Choosing the Right Number of Dimensions
Instead of arbitrarily choosing the number of dimensions to reduce down to, it is simpler to choose the number of dimensions that add up to a sufficiently large portion of the variance—say, 95% (An exception to this rule, of course, is if you are reducing dimensionality for data visualization, in which case you will want to reduce the dimensionality down to 2 or 3).
The following code loads and splits the MNIST dataset and performs PCA without reducing dimensionality, then computes the minimum number of dimensions required to preserve 95% of the training set’s variance:
from sklearn.datasets import fetch_openml
mnist = fetch_openml('mnist_784', as_frame=False, parser="auto")
X_train, y_train = mnist.data[:60_000], mnist.target[:60_000]
X_test, y_test = mnist.data[60_000:], mnist.target[60_000:]
pca = PCA()
pca.fit(X_train)
cumsum = np.cumsum(pca.explained_variance_ratio_)

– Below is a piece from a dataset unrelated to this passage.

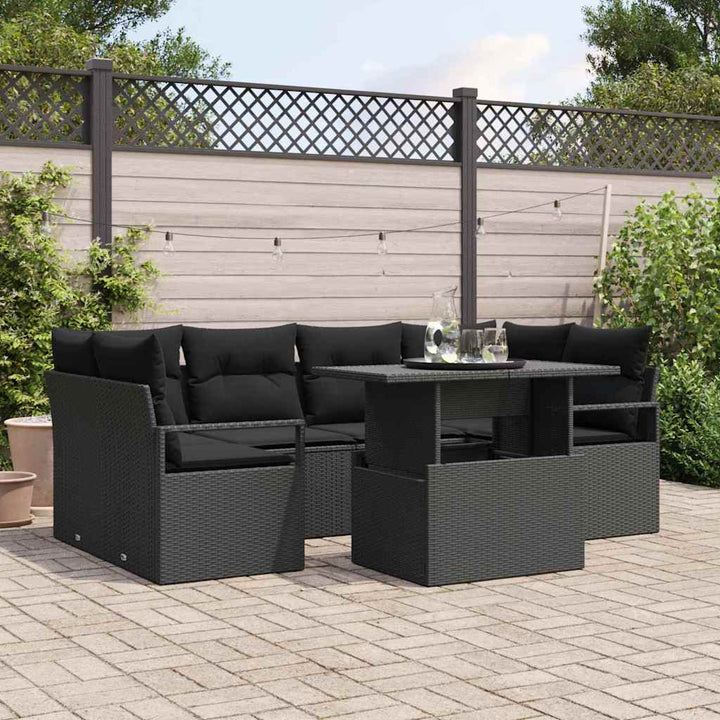Havesofa Sæt med opbevaring 7 pcs Sort Poly rattan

d = np.argmax(cumsum >= 0.95) + 1 # d equals 154
You could then set n_components=d
and run PCA again, but there’s a better option. Instead of specifying the number of principal components you want to preserve, you can set n_components
to be a float between 0.0
and 1.0
, indicating the ratio of variance you wish to preserve:
pca = PCA(n_components=0.95)
X_reduced = pca.fit_transform(X_train)
The actual number of components is determined during training, and it is stored in the n_components_
attribute:
>>> pca.n_components_
154
Yet another option is to plot the explained variance as a function of the number of dimensions (simply plot cumsum
):
Explained variance as a function of the number of dimensions
There will usually be an elbow in the curve, where the explained variance stops growing fast. In this case, you can see that reducing the dimensionality down to about 100 dimensions wouldn’t lose too much explained variance.
Lastly, if you are using dimensionality reduction as a preprocessing step for a supervised learning task (e.g., classification), then you can tune the number of dimensions as you would any other hyperparameter. For example, the following code example creates a two-step pipeline, first reducing dimensionality using PCA, then classifying using a random forest. Next, it uses RandomizedSearchCV
to find a good combination of hyperparameters for both PCA and the random forest classifier. This example does a quick search, tuning only 2 hyperparameters, training on just 1,000 instances, and running for just 10 iterations, but feel free to do a more thorough search if you have the time:
from sklearn.ensemble import RandomForestClassifier
from sklearn.model_selection import RandomizedSearchCV
from sklearn.pipeline import make_pipeline
clf = make_pipeline(PCA(random_state=42),
RandomForestClassifier(random_state=42))
param_distrib = {
"pca__n_components": np.arange(10, 80),
"randomforestclassifier__n_estimators": np.arange(50, 500)
}
rnd_search = RandomizedSearchCV(clf, param_distrib, n_iter=10, cv=3,
random_state=42)
rnd_search.fit(X_train[:1000], y_train[:1000])
Let’s look at the best hyperparameters found:
>>> print(rnd_search.best_params_)
{'randomforestclassifier__n_estimators': 465, 'pca__n_components': 23}
It’s interesting to note how low the optimal number of components is: we reduced a 784-dimensional dataset to just 23 dimensions! This is tied to the fact that we used a random forest, which is a pretty powerful model. If we used a linear model instead, such as an SGDClassifier
, the search would find that we need to preserve more dimensions (about 70).